So why do the Liberals keep dishing up this insipid bunch of losers
that pass for state leaders? Let’s look at the states, one by one.
NSW: John Brogden is considered, even by Crikey (see
sealed section 20 April) as the only half decent leader the Libs have
in any of the states. But the polls don’t give him a look-in and
Bob Carr, no matter what strife befalls him, seems bullet proof in
government. The Morgan Poll shows that the Brogden Liberals have
made no inroads into the Labor election result from March 2003.
The best Liberal leader in the country can only mark time.

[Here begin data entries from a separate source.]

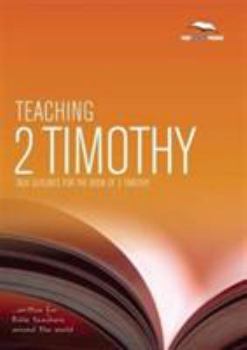 Paperback Teaching 2 Timothy Book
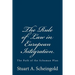 The Rule of Law in European Integration: The Path of the Schuman Plan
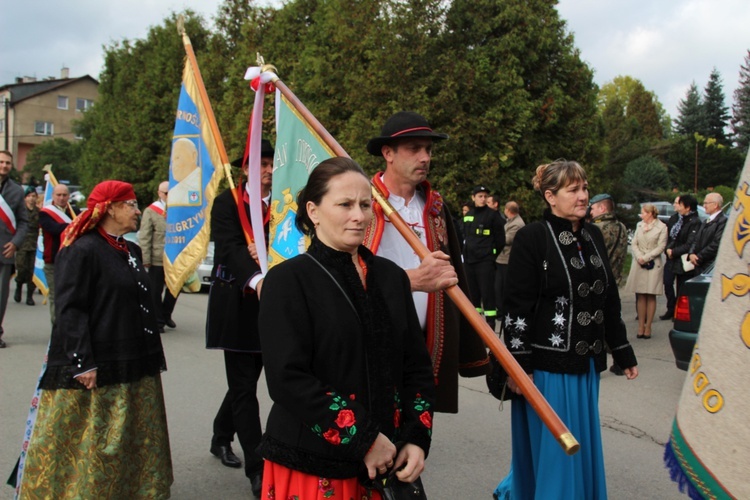 Jubileusz 90-lecia Związku Podhalan w Radziechowach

WA: Poor old Colin Barnett can’t take a trick. Not
only does Premier Geoff Gallop hold a handy lead in the polls, but he
has the Liberal deputy leader, Dan Sullivan, white-anting him from
behind. Gallop should be on the political ropes with royal commission
findings on police corruption and a power crisis, but the Morgan poll
reveals Labor has stretched it’s lead over the Liberals by seven
percentage points over their already impressive result in the 2001
election.
SA: Rob Kerin used to be premier. Those days must
seem a long, long time ago. Since the February 2002 election
Premier Mike Rann has moved his party’s primary support from a knife
edge 36.3 per cent to a comfortable 49.5 per cent, while Kerin has
watched his slip from 40 per cent to 32.5 per cent. When will the
SA Libs realise the voters just won’t buy Kerin any more? Maybe
the recently elevated Duncan McFetridge is the man? Who knows or
cares down south. It seems the voters don’t.

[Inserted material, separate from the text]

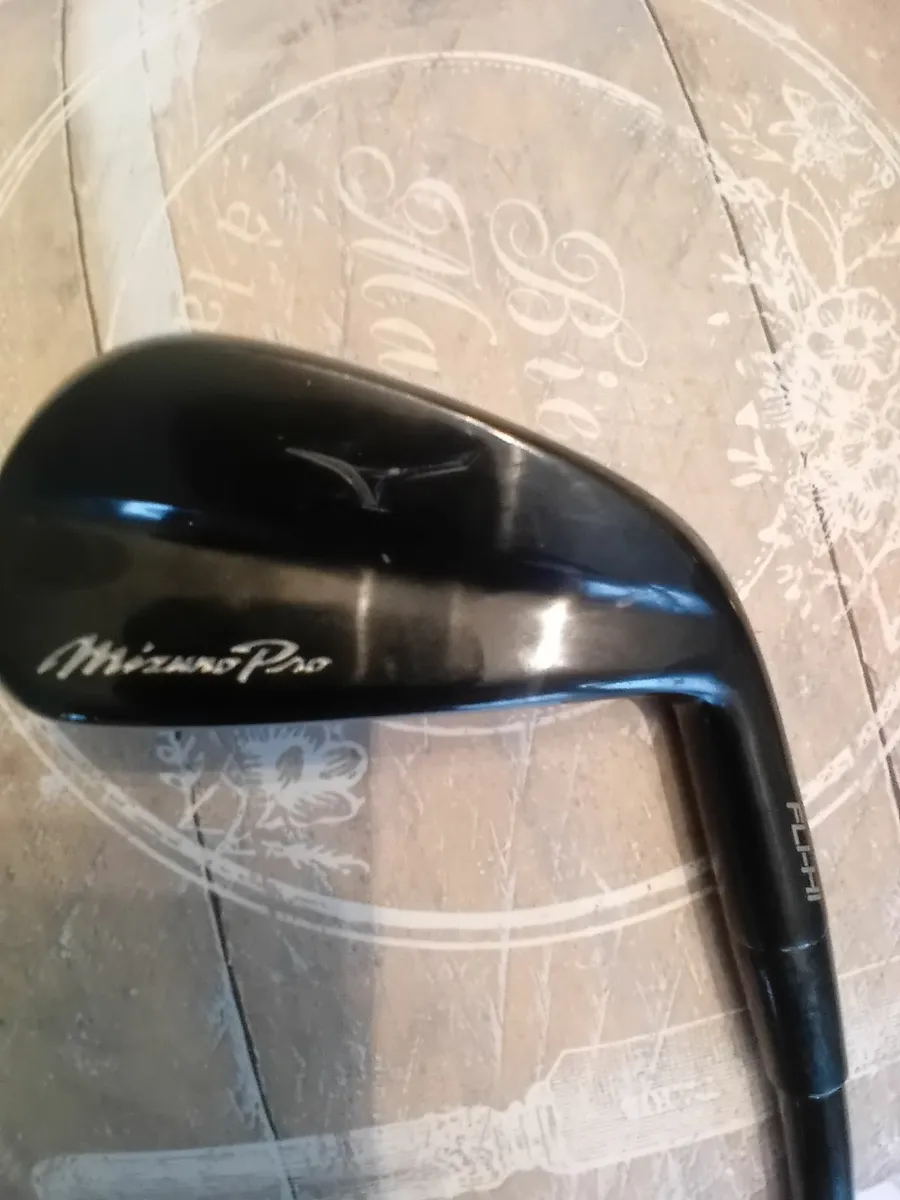 MIZUNO  PRO FLI HI - Image 4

Tasmania: Liberal leader Rene Hidding was given the
biggest free kick a struggling opposition could hope for: a
popular premier resigns for health reasons. What would Brogden or
Barnett give for that! But has it made a difference for
Hidding? Scarcely. Sure, Labor’s primary support has
dropped a fraction from the heady days of Jim Bacon’s supremacy at the
2002 poll, down from 52.3 per cent to 49.0 per cent, but Hidding’s
Liberals have not improved either, dropping from 26.9 per cent to 26.0
per cent. The only shining light for the Tassie Libs seems to be
Peter Gutwein, a rebel who at least understands that change is the only
thing that will save his party.
Queensland: Can Peter Beattie really do no wrong?

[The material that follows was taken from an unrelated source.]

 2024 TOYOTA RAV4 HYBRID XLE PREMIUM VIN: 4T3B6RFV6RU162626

According to the polls, that’s what it looks like. Labor scored a
thumping 47.0 to 35.5 per cent win on the primaries at the February
election, and that has now blown out to a 53-33 margin. The
National’s Lawrence Springborg cut the pathetic Liberals adrift after
the election in a cut-the-nose-off-to-spite-the-face hissy fit, but
unless and until the conservatives come together in the deep north,
Labor is in for life.
Victoria: Steve Bracks may have come to power by accident,
but once there he has worked hard to stay in the big office.
Liberal leader Robert Doyle is making absolutely no impact. A
Newspoll earlier this year had him on 21 per cent against Bracks’s 57
per cent as preferred premier, the second lowest ranking in the country
(just above the hopeless Rene Hidding). The Morgan poll shows
that Labor has gone from 47.9 per cent of the primary vote at the
November 2002 election to whopping 52 per cent now, while Doyle is
pretty much going nowhere at 33.9 per cent.
Positions vacant
All the state Liberal parties must find decent leaders, not this
present crop of yesterday’s men. That won’t be enough on it’s
own, but it would be start. Then they need to take a leaf out of
Labor’s book and actually work at winning back the voters. This
can’t be an overnight thing: there is no messiah fix for the
Liberals.
The Liberals need to grasp, as Labor has done, that the median voters
don’t care about broad policy themes and positions, they care about
themselves and they want their problems fixed.
When was the last time Labor listened to the union movement?
Labor has successfully pinched the value of individualism from under
the Liberals’ nose, but have kept it very quiet. (Shhh; we don’t
want them to notice.) Labor knows that the real scenario is one
of the individual voter acting pragmatically and selfishly, not
inclined to think ideologically, but rather choosing amongst the
parties for the one they believe can fix the problems that matter to
them. Labor keeps up the “comrade” image for the benefit of the
true believers, but acts quite differently in delivering government.
And it works. At the moment, it is Labor with the answers.
The voters are comfortable; they have peaked over the fence to the
Liberal side but they don’t like what they see.
Born to rule won’t work anymore. It is dead, dead and gone.
The state Liberals are playing catch-up, and not very well at
that. They must redefine their message – and get someone who can
sell it.
Owen Outsider responds to Hillary
There is nothing Owen likes more than someone noticing his articles,
let alone quoting them, so he was tickled pink when Hillary referred to
his piece “Long term trends in two-party-preferred voting” in her
recent entry on the sad state of the state Liberals. Owen is not sure
that Hillary has entirely nailed the causes of the Liberal problems,
but there is no doubt this is part of the answer.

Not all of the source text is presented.